What is needed
Beginning with the first line below, retype exactly each line through the one containing "Microscopio stereo Euromex". Leave out all pictures.

Segment Open

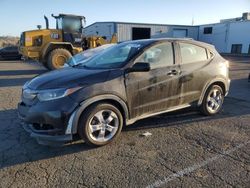 Salvage cars for sale at Vallejo, CA auction: 2016 Honda HR-V LX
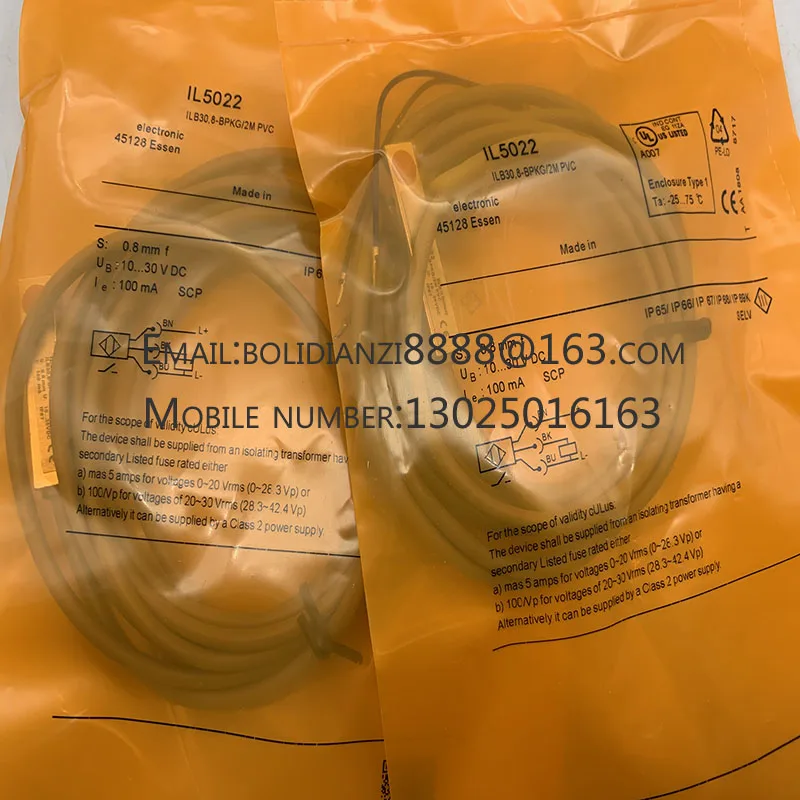 The brand-new original sensor IL5026 IL5025 warranty for one year in stock
The brand-new original sensor IL5026 IL5025 warranty for one year in stock
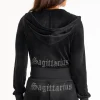 Skytten Big Bling Hettegenser I Velour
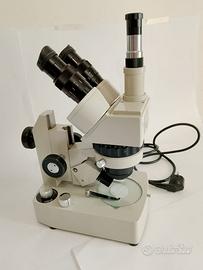 Microscopio stereo Euromex Holland Mic 1630 ZS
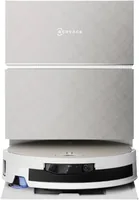 Ecovacs Saugroboter X12 PRO OMNI Deebot - Ladezeit: 150 min - Fernbedienung: Smartphone (WLAN) - Detailfarbe: Weiss - Filtertyp: Antibakterieller Filter - Max. Laufzeit: 497 min - Nasswischfunktion: Ja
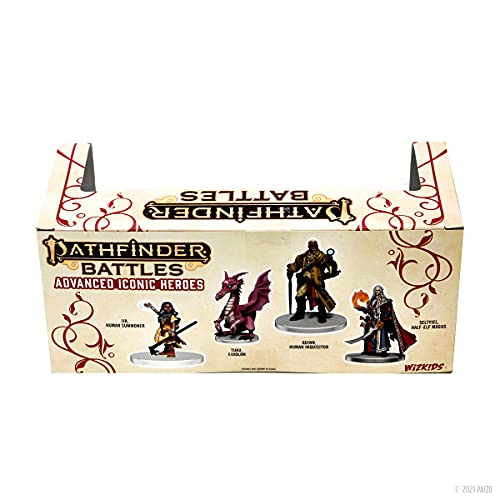 Pathfinder Battles: Advanced Iconic Heroes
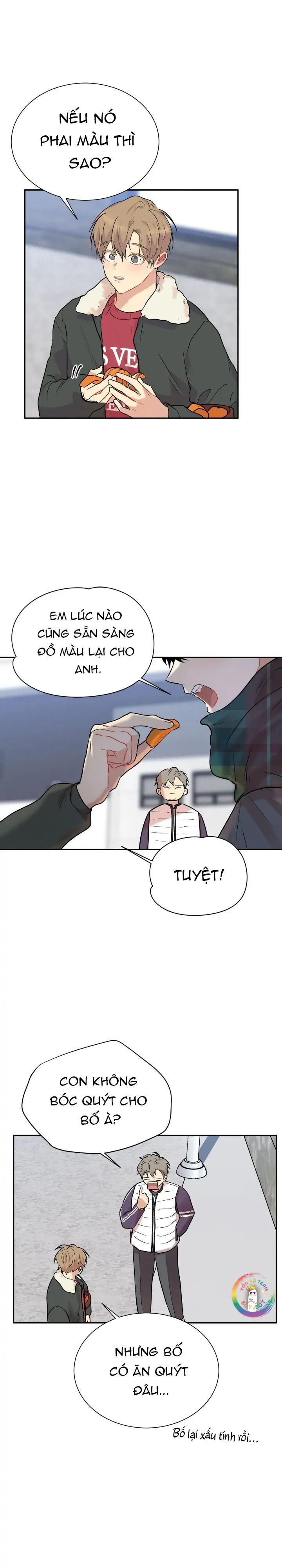 Nếu Như Cậu Bạn Hàng Xóm Là Vampire? - Chap 52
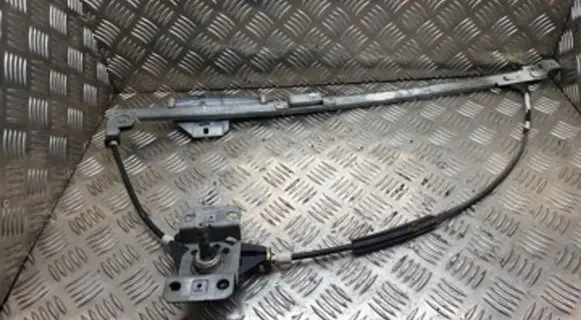 Volkswagen Transporter - Caravelle T4 Front door manual window regulator 701837502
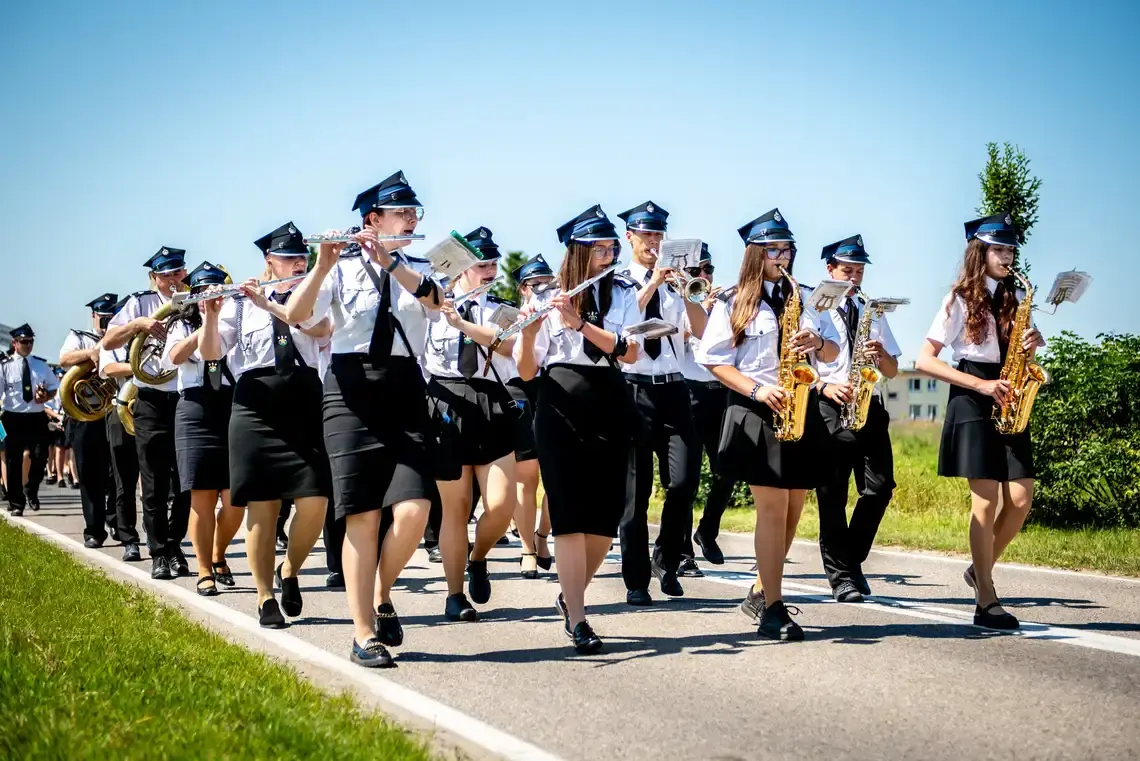 Sukces orkiestry z Pinczyna. Muzyczna Perła Regionów trafiła na Kociewie! Sukces orkiestry z Pinczyna. Muzyczna Perła Regionów trafiła na Kociewie!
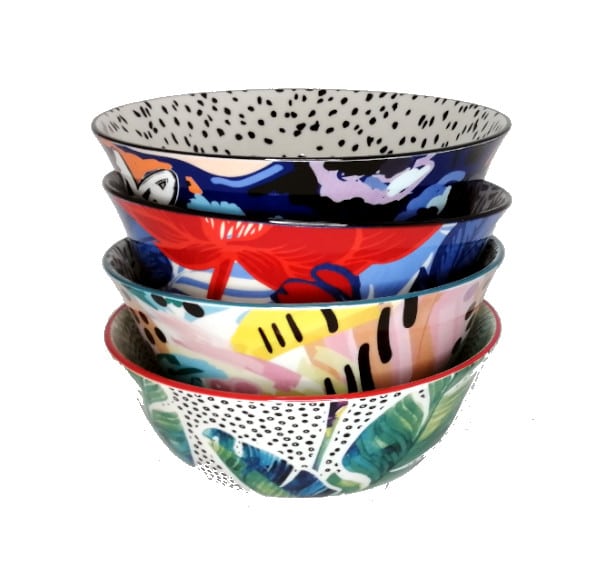 Art Medium Bowls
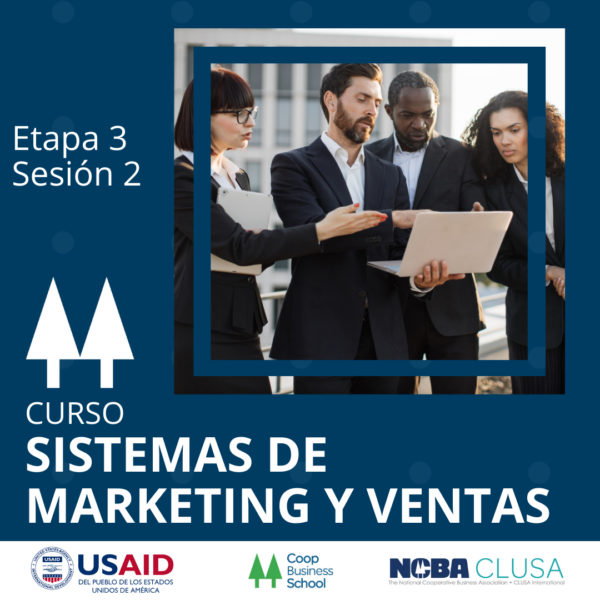 Presentación del curso Sistemas de Marketing y Ventas – Etapa 3 Sesión 2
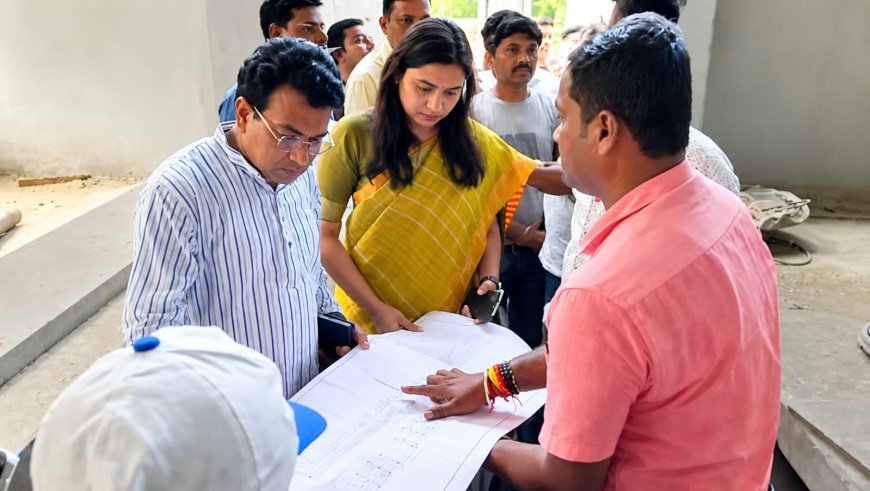 উচ্ছেদ নয়, পুনর্বাসন। হাওড়ার কদমতলা বাজারকে ঢেলে সাজানোর বার্তা রুদ্রনীলের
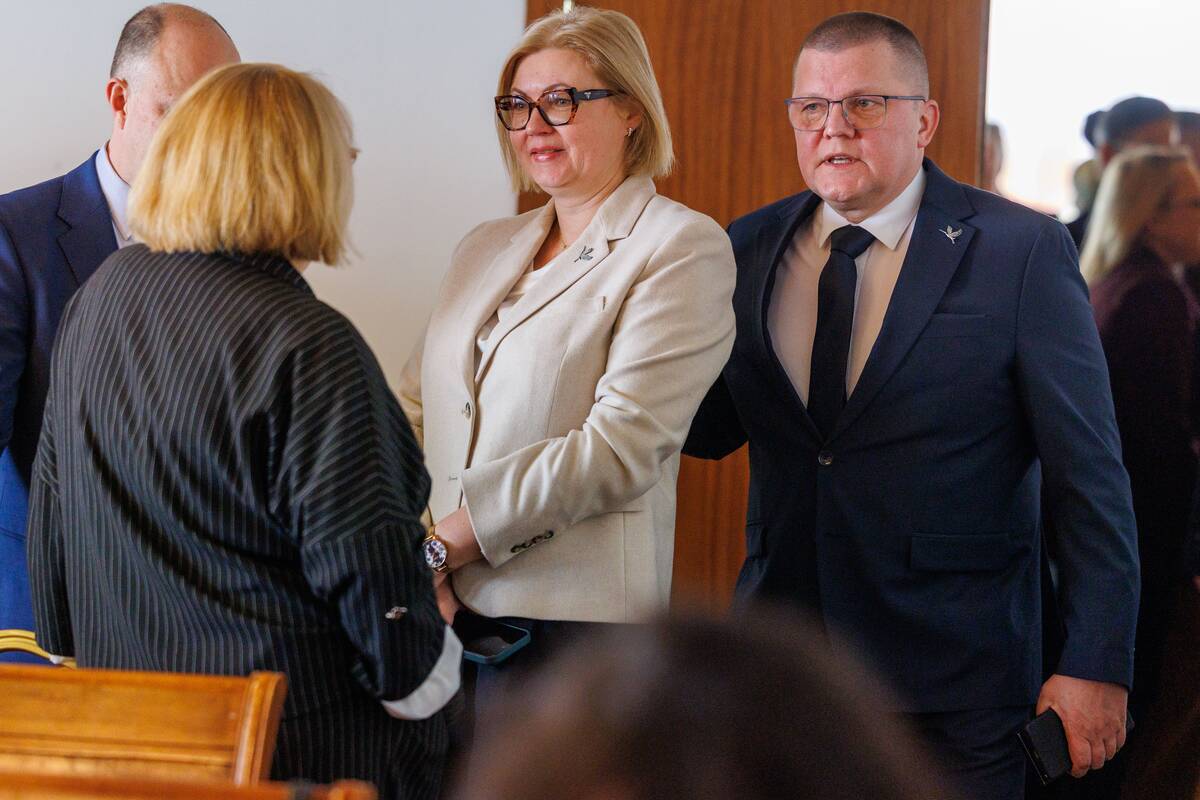 LVŽS tarybos posėdis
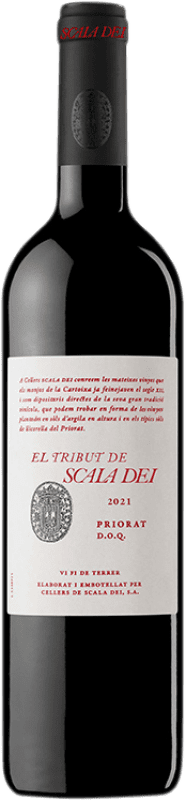 13,95 € | Red wine Scala Dei El Tribut D.O.Ca. Priorat Catalonia Spain Syrah, Cabernet Sauvignon, Grenache Tintorera Bottle 75 cl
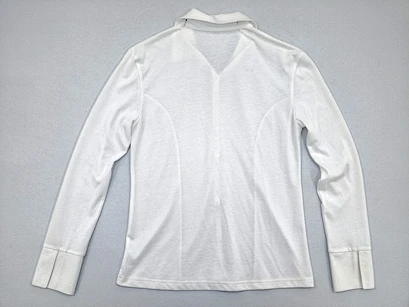 private label fitted button-front top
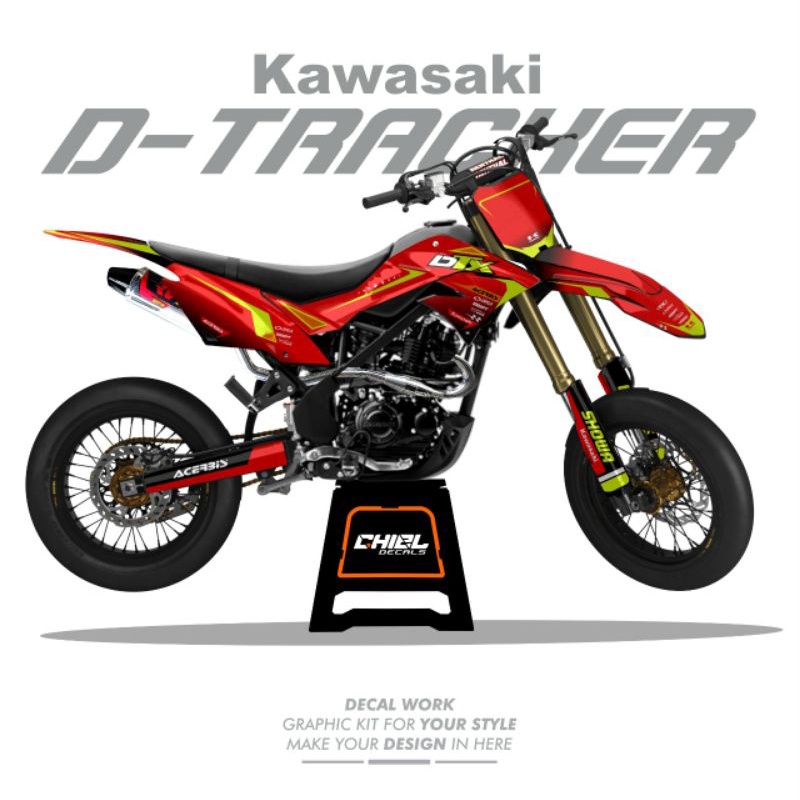 Jual Best Decal Striping D Tracker Custom Shopee Indonesia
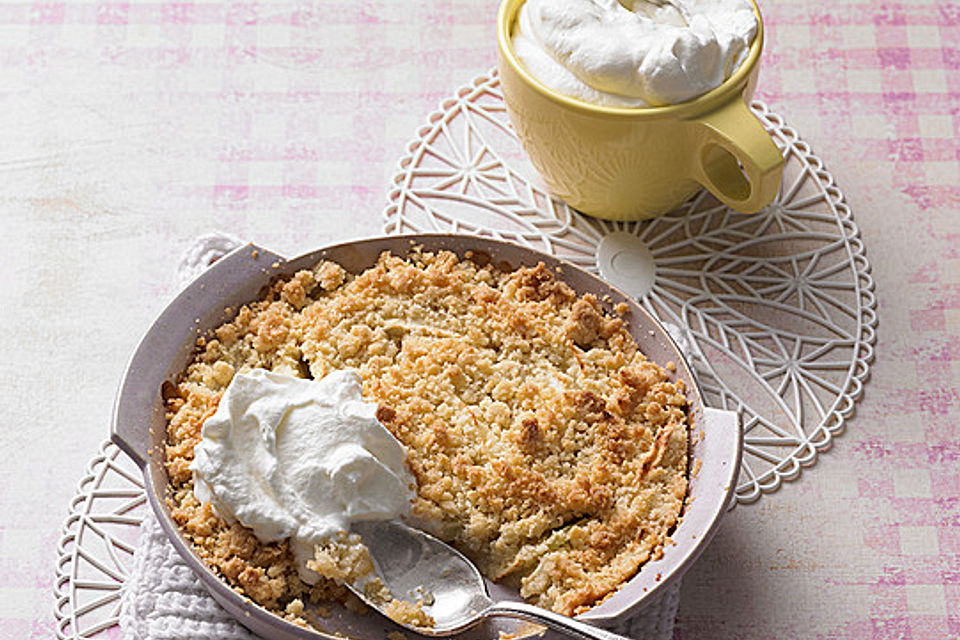 Apple Crumble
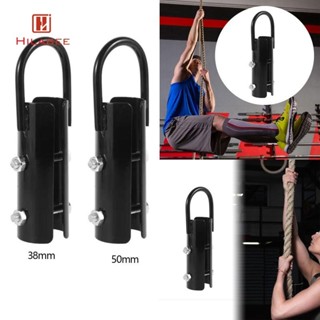 Hilabee เชือกปีนเขา Clamp เชือก Climb Clasp ตะขอคงที่เชือกแข…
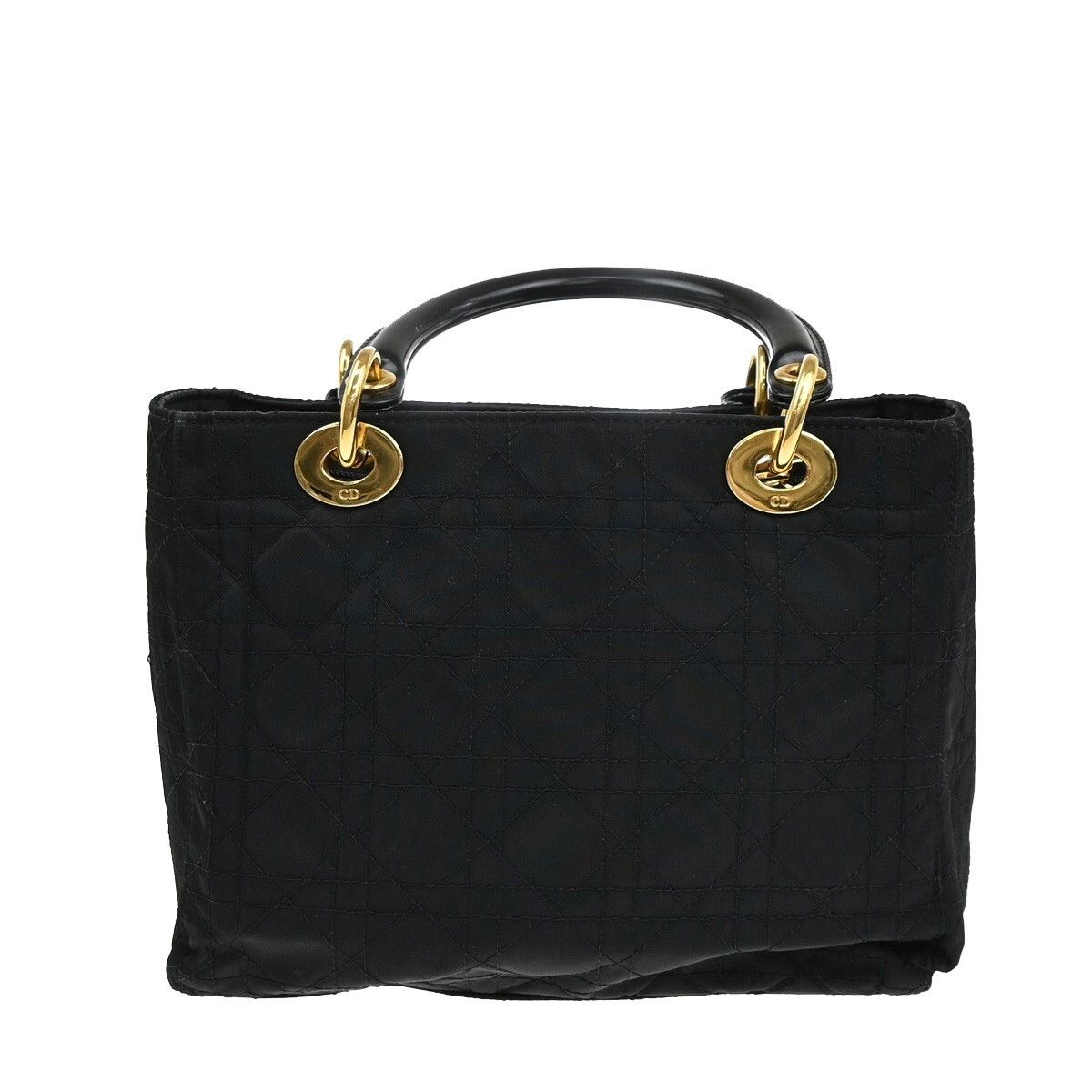Dior Christian Dior Lady Dior Bag Nylon Size ONE SIZE - 2 Thumbnail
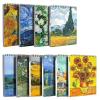 MFQLL Blank Sketch Book for A4/8K 30/40/60 Sheets Spiral Upward Flipping Coil Art Book Sketching Art Students Painting Art Supplies(Starry Sky,A4 100g 60 Sheets) view 2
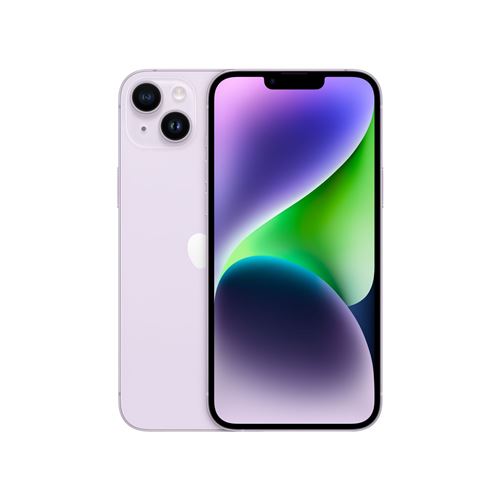 Apple iPhone 14 Plus 6.7" 5G Double SIM 128 Go Mauve État correct Apple reconditionné disponible sur Fnac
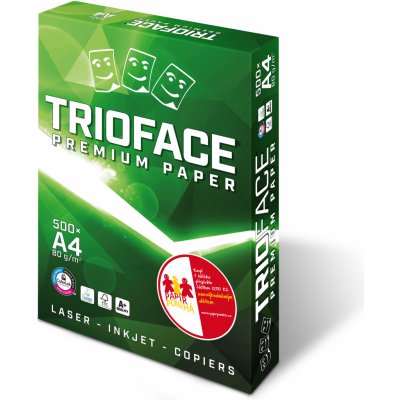 TRIOFACE PREMIUM A4 80 g 500 listů – Zbozi.Blesk.cz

Segment Closed

Expected answer
 Salvage cars for sale at Vallejo, CA auction: 2016 Honda HR-V LX
 The brand-new original sensor IL5026 IL5025 warranty for one year in stock
The brand-new original sensor IL5026 IL5025 warranty for one year in stock
 Skytten Big Bling Hettegenser I Velour
 Microscopio stereo Euromex Holland Mic 1630 ZS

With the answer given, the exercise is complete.